Ich habs probiert mit der jre & jdk jeweils Version 1.6.0_04

Mfg
Olli


----------



## Wildcard (3. Dez 2008)

oltoko hat gesagt.:
			
		

> Ich habs probiert mit der jre & jdk jeweils Version 1.6.0_04


Sicher? was sagt java -version?


----------



## oltoko (3. Dez 2008)

Wildcard hat gesagt.:
			
		

> Sicher? was sagt java -version?



Okay, mein Fehler. Nach Updates 1.6.0_10


----------



## Wildcard (3. Dez 2008)

Update 10 ist ja schon mehr ein major als ein minor Release.

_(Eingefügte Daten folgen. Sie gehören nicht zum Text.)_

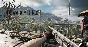🔥Atomic Heart🔥| XBOX Activation/Buy Game🔥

Versuch mal mit einer älteren Version, eventuell ist der Parameter entfernt worden.


----------



## oltoko (3. Dez 2008)

In der Doku die ich angegeben habe, steht aber auch beim Parameter dabei _...5.0 and newer..._.
Jedoch ist da von einer Java HotSpot VM die rede... Wenn ich ehrlich bin hab ich keine Ahnung was das sein soll  !! Eigentlich bin ich davon ausgegangen, da in diversen Foren mein Problem schon öfters im Ähnlichen Kontext behandelt wurde, dass dies mit der "nomalen" JVM ohne weiteres Funktionieren würde. Da ja auch der Geronimo nach seinem Start von dem 65 MB verfügbaren PermGenSpace schon 50 MB benutzt sollte man auch meinen das mehr Menschen Probleme haben wenn sie auf JavaScript (Ajax) basierte Web-Projekte in einem Geronimo Server laufen lassen. Weil wenn wir ehrlich sind, wem langen schon 15 MB in einem WebServer?


----------



## Wildcard (3. Dez 2008)

oltoko hat gesagt.:
			
		

> Weil wenn wir ehrlich sind, wem langen schon 15 MB in einem WebServer?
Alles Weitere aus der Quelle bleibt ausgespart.